TNY weekend reader: per ardua ad astra*


(image: carolita johnson)

Malcom Gladwell’s “No Mercy” shows us the dangers of letting students off easy who have been caught trying to poison their tutor by spiking their apple with “noxious chemicals”: they go on to split the atom and poison the entire planet with the consequent nuclear proliferation, giving new meaning to the word “occident.” (Actually, that’s not how Gladwell put it. That’s just how I put it.)

In “Bob on Bob,” Louis Menand loosely quotes Terence (Terentius for some) with:

“Dylan nil a me alienum puto,” as Terence put it (or would have put it, if he had lived long enough): nothing having to do with Dylan can be alien to me.”

For those of us who haven’t taken Latin, here is the original quote and a translation:

Homo sum; humani nil a me alienum puto.

I am a human being; I consider nothing human alien to me.

Menand gives us a great sum-up of everything we need to know about Dylan and his interviews (and interviewers) before we take the plunge ourselves, by reading “Bob Dylan: The Essential Interviews.” I watched the Dylan documentary on PBS, directed by Martin Scorsese, which I recommend. The documentary was wonderful for the musical footage, but the interview with the cadaverous Charlie Rose and the grizzled and piliferous Scorsese that came on afterwards was rather unsettling after gazing at Dylan’s fresh, idealistic face in the archival footage. I’d like to read the book just to purge my memory of that lasting image.

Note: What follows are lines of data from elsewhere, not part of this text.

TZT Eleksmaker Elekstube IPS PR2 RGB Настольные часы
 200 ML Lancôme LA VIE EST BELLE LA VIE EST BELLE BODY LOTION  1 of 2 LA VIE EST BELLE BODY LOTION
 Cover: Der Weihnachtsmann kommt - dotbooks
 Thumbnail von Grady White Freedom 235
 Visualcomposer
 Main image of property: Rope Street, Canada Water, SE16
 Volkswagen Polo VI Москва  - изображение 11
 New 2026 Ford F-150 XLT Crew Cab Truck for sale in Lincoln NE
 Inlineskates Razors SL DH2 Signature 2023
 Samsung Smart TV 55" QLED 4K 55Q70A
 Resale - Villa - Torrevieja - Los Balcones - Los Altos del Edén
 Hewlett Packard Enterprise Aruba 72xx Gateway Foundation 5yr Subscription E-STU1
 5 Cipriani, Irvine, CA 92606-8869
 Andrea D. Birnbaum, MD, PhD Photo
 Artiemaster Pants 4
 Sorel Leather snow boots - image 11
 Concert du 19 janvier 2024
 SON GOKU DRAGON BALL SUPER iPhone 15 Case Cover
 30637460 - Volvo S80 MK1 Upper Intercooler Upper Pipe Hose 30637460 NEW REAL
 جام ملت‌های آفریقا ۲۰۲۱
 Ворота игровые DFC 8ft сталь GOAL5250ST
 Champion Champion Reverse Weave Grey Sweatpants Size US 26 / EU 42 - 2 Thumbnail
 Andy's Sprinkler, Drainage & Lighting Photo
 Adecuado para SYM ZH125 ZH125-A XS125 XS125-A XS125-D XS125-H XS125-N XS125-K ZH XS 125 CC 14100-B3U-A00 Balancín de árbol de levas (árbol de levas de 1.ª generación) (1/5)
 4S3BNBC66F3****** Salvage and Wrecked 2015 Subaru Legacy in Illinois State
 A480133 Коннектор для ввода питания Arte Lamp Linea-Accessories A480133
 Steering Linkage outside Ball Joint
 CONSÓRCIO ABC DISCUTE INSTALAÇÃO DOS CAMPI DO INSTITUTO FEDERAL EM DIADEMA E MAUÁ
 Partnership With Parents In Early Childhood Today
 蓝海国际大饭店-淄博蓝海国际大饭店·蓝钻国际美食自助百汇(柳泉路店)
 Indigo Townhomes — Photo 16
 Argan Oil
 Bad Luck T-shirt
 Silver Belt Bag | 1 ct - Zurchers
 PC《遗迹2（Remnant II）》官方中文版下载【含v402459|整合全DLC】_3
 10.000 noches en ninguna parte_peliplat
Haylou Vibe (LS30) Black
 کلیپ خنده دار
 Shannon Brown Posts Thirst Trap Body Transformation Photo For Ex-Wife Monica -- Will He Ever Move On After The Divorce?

Michael Crawford’s cartoon this week, “World’s best…” surely rings true to many an apartment house dweller. And Koren’s “Proud parents…” cartoon is a good counterpoint to Leonard Lopate’s NPR special on “hothouse kids,” called “Preparation Anxiety.”

(Disclaimer: Crawford is my best friend this side of the Atlantic, so yes, I’m a little biased. On the other hand, I don’t know Koren at all. So, perhaps I’m not biased.)

Burkhard Bilger’s “The Lunchroom Rebellion” (not online) reminds me that I was rather thin as a child because I was a “hot lunch kid.” The food was disgusting. I ate only what I needed to eat in order to no longer be hungry. And that’s a very healthy regimen for a creature that sits on its ass in a classroom for much of the day, then goes home to watch TV for a few hours before doing homework. I guess I’m just old fashioned!

Antonya Nelson’s “Kansas” is a sort of inside-out Wizard of Oz without the Wizard, and without the shlocky ending. Don’t get me wrong, I love The Wizard of Oz. But that doesn’t mean there’s anything wrong with “Kansas.”

*Per ardua ad astra.
Translation by Carolita Johnson: “Work your ass off, and you’ll be a star someday.”